Contohnya, dalam suatu penelitian tentang penggunaan teknologi komputer oleh seorang guru
di ruang kelas SMA, peneliti akan memasukkan informasi tentang pengenalan komputer yang
dilakukan oleh guru, penggunaan komputer saat ini, dan tujuan serta harapan adanya
penggunaan di masa mendatang. Cerita kemudian akan dilaporkan oleh peneliti dalam bentuk
deskripsi tentang sekuensi guru tersebut.
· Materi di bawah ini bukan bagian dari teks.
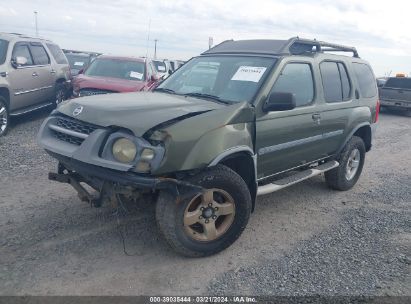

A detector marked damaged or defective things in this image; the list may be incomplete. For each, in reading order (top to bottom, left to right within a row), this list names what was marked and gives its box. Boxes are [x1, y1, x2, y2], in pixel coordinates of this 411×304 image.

damaged front bumper [49, 153, 204, 205]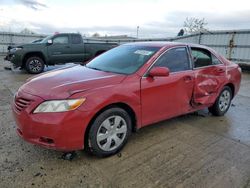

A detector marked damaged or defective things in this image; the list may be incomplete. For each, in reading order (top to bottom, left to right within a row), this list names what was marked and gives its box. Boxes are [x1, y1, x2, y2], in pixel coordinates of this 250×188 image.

damaged red toyota camry [12, 42, 241, 157]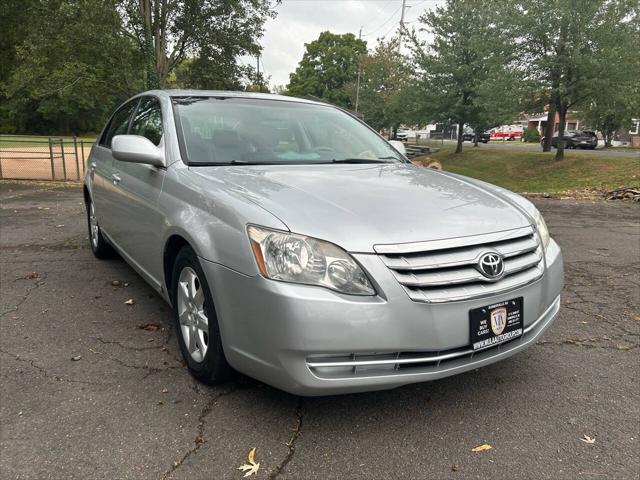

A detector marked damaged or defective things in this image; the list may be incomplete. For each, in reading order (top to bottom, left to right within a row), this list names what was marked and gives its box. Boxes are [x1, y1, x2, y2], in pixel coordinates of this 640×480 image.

3. Pengumpulan cerita individu


Untuk mengembangkan prespektif kronologis pengalaman seseorang, peneliti naratif meminta
kepada partisipan untuk menceritakan sebuah kisah (atau beberapa kisah) tentang
pengalamannya. Peneliti naratif mengumpulkan cerita dari beberapa sumber data. Field
texts (teks lapangan) mempresentasikan informasi dari sumber-sumber yang berbeda yang
dikumpulkan oleh peneliti dalam satu rancangan naratif. Pengumpulan data dari peneliti naratif
berupa diskusi, percakapan, atau wawancara antara seorang peneliti dan seorang individu.
Jurnal atau catatan harian juga merupakan bentuk lain untuk mengumpulkan cerita, seperti
halnya catatan lapangan (field notes) yang ditulis oleh peneliti atau partisipan.

4. Menceritakan kembali
Setelah individu bercerita tentang pengalamannya, peneliti menyampaikan/ menceritakan/
memetakan kembali cerita tersebut dengan kalimatnya sendiri. Saat menceritakan kembali
merupakan proses dimana peneliti mengumpulkan cerita, lalu menganalisis untuk menemukan
inti dari cerita (misalnya, waktu, tempat, plot, dan adegan), dan setelah itu menuliskan kembali
cerita tersebut untuk mendapatkannya dalam urutan kronologis. Terdapat tiga tahapan dalam
proses menceritakan kembali menurut Assjari dan Permanarian (2010) yaitu :
a. Hasil wawancara yang diperoleh peneliti ditranskripsi dari rekaman audio yang ditunjukkan
dalam kolom pertama sebagai data mentah.
b. Peneliti mentranskripsi ulang data mentah tersebut dengan cara mengidentifikasi elemen-
elemen kunci dari cerita. Pengulangan transkripsi ditunjukkan pada kolom kedua. Elemen-
elemnen yang menjadi kunci cerita diletakkan dibagian bawah tabel agar memudahkan peneliti
mengindikasikan kode terkait setting, karakter, tindakan, masalah ataupun penyelesaian
konflik.
c. Pengorganisasian kode kunci kedalam sebuah urutan yang disajikan dtulisan. Pengerjaan
transkipsi tersebut untuk mengidentifikasi elemen-elemen dalam cerita dan menceritakan
kembali secara logis sesuai dengan urutannya.

5. Proses pengkodean tema


Seperti halnya penelitian kualitatif yang lain, data yang diperoleh dapat disegmentasi menjadi
tema. Seperti semua peneliti kualitatif, peneliti meng-identifikasi sejumlah kecil tema ini ke
dalam uraian tentang cerita individu atau memasukkannya sebagai bagian terpisah dalam
penelitian. Peneliti naratif biasanya menyuguhkan tema setelah menceritakan kembali
kisahnya.

6. Konteks atau setting


Peneliti naratif menggambarkan secara rinci konteks atau setting dimana partisipan mengalami
fenomena dalam ceritanya. Setting dalam riset naratif bisa berupa teman, keluarga, tempat
kerja, rumah, organisasi sosial, atau sekolah. Dalam beberapa studi naratif, catatan tentang .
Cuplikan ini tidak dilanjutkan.